The apostles waited too, though not for quite as long. Soon after his resurrection, Jesus commanded them to proclaim to all nations repentance and forgiveness of sins in his name. But first, he said:
“I am going to send you what my Father has promised; but stay in the city until you have been clothed with power from on high.” (Lk 24:49, NIV)
They were to await the descent of the Holy Spirit. Not until Pentecost, several days later, were they to begin their mission. It was then that they burst forth in an explosion of power given from on high.
How to Wait
Whatever we are waiting for, we should make the most of the intervening time.
How? Let us gain some skills in this matter from the apostles, from Jesus, and from his mother.
Learn from the Apostles
After being told to remain in the city until the Holy Spirit came upon them, the apostles
“returned to Jerusalem with great joy. And they stayed continually at the temple, praising God.” (Lk 24:52–53, NIV)
They stayed together. They benefited from each other’s company and support. They missed Jesus, but, in a group, they were able to cope. They did not go about carrying sad faces and forlorn hearts. They waited with joy; they praised God; they prayed in the temple.
When we have to wait, let us do the same: staying in community with holy friends. Let us help each other, and be joyful. Since worrying and fretting do not make things any better, let us try praising God together.

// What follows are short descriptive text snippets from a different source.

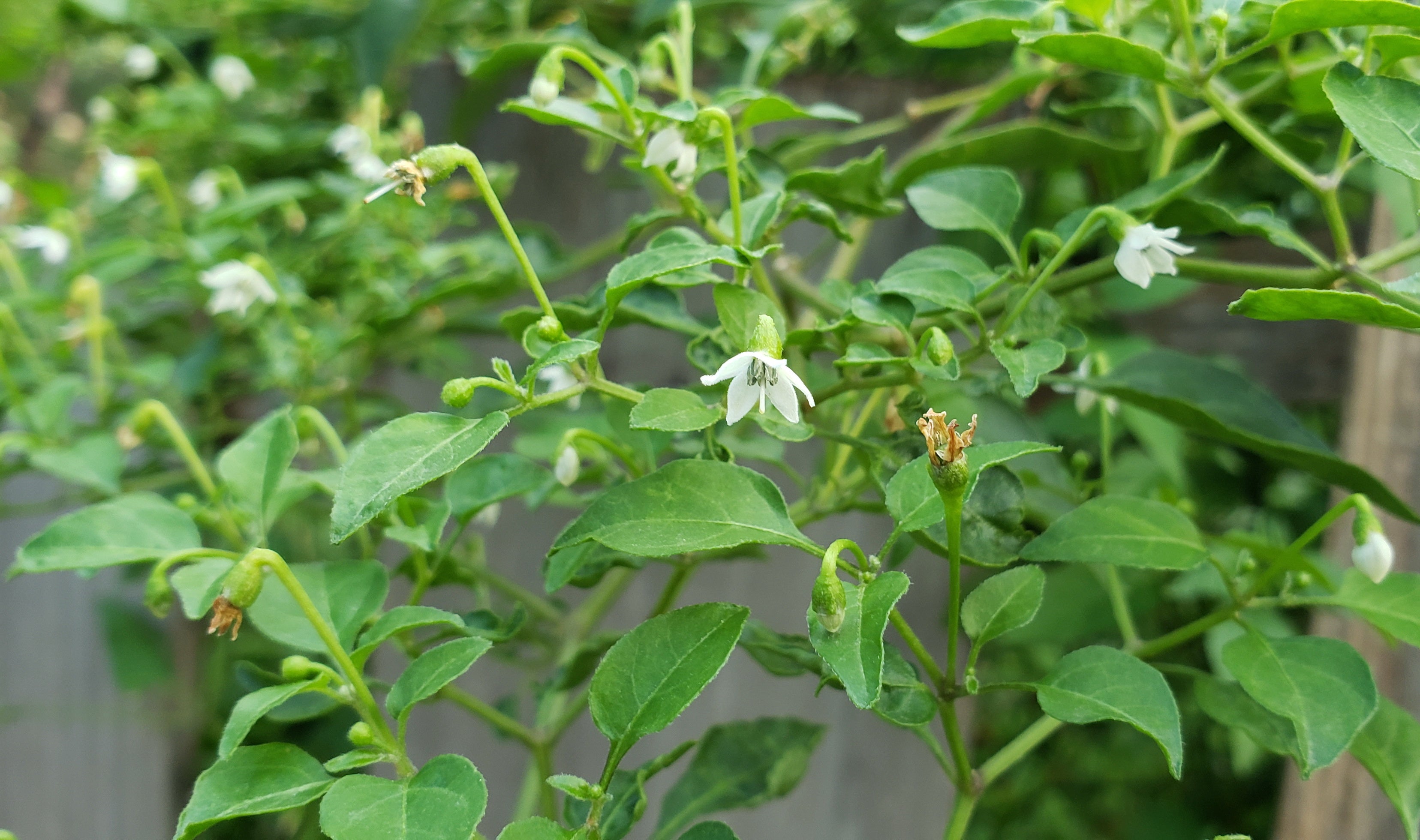 Capsicum annuum var. glabriusculum (Chile Petin)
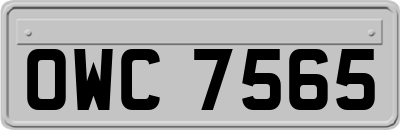 OWC7565
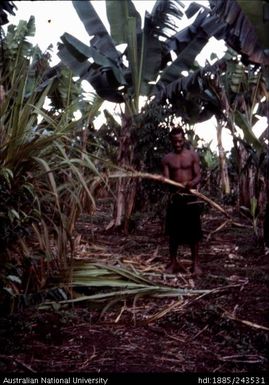 Male collecting plant material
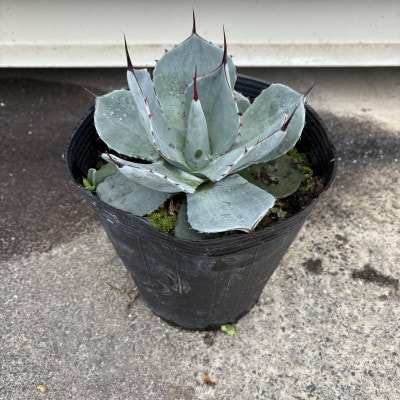 美しいシルバーブルー アガベ パリー トランカータ 7号鉢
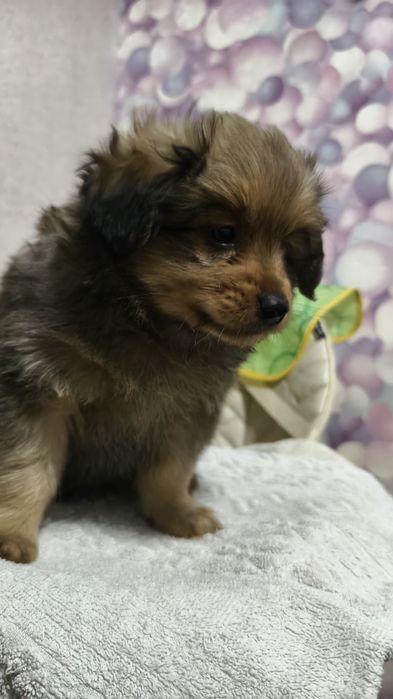 Продам щенков шпица метисы !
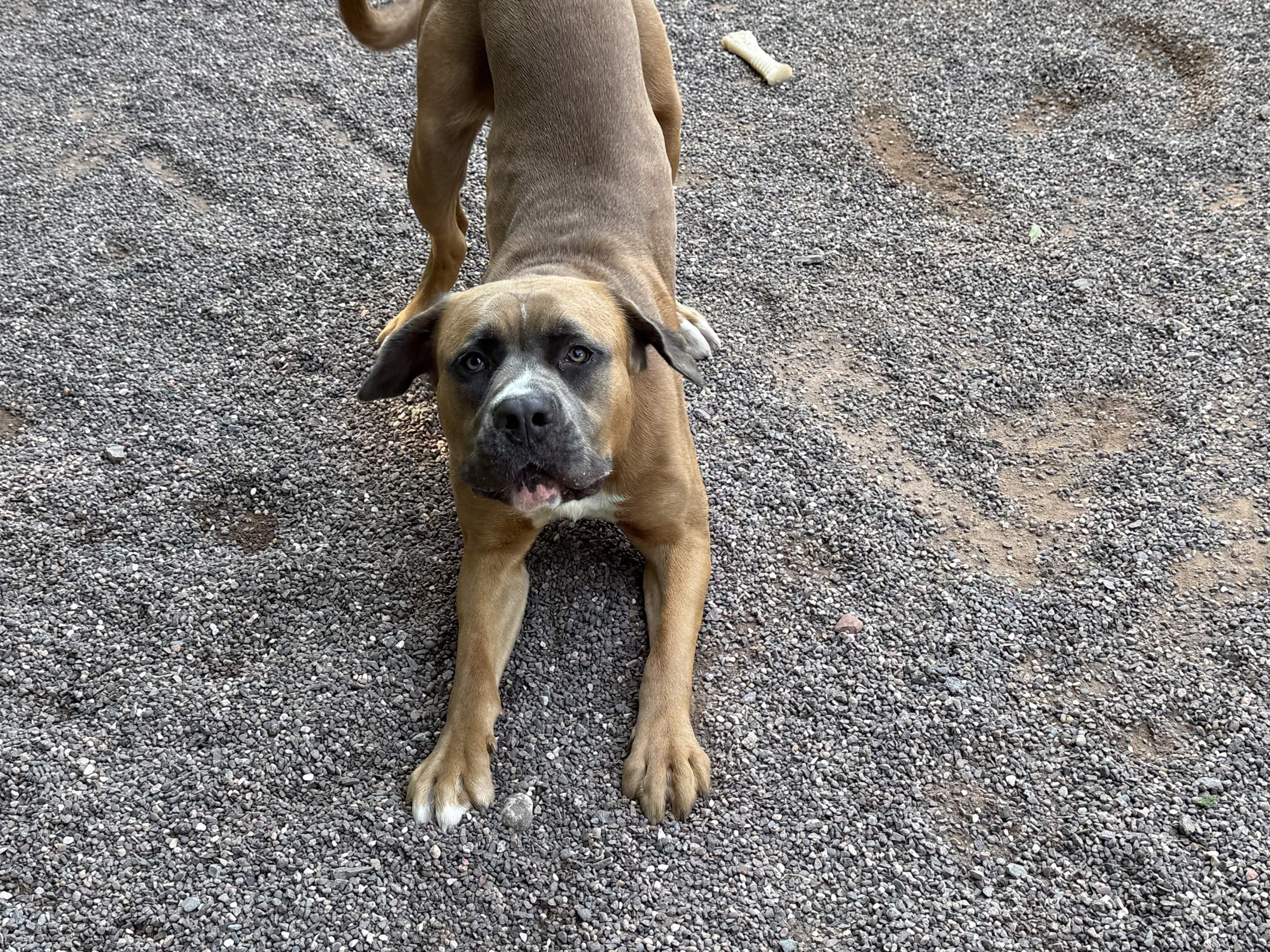 Biff, a ADOPTABLE Mixed Breed in Houghton, MI image 3/5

Let us reserve time for prayer, especially at church in the presence of Our Eucharistic Lord, adoring him, listening to him and following his guidance. He may be priming and grooming us for an assignment that only we can be trained to perform.
Learn from Jesus
How did Jesus live before taking up his public ministry?
“And he went down with them and came to Nazareth, and was obedient to them… And Jesus increased in wisdom and in stature, and in favor with God and man.” (Lk 2:51, 52, RSV)
Jesus placed himself under the authority of his father and mother. He lived in obedience. He remained hidden. It was not till about age thirty that he worked his first miracle at a wedding in Cana.
We, too, should be obedient to God our Father, and to Mary our mother: by keeping God’s commands recorded in the Bible, and by living the messages that Our Lady passed on through her many apparitions on earth over the centuries.
“And Jesus increased in wisdom.” Many of us, as we become older, hardly become any wiser. Day after day we make the same complaints. Week after week we shed the same tears. Month after month we hold on to our hatreds and conflicts, and deal with problems through the same futile routine. We moan and groan but seldom learn from our experiences.
Jesus, on the other hand, grew in wisdom. And not only that, he also increased “in favor with God and man.” He became more and more what his Father wanted him to be; he got along better and better with his fellow human beings.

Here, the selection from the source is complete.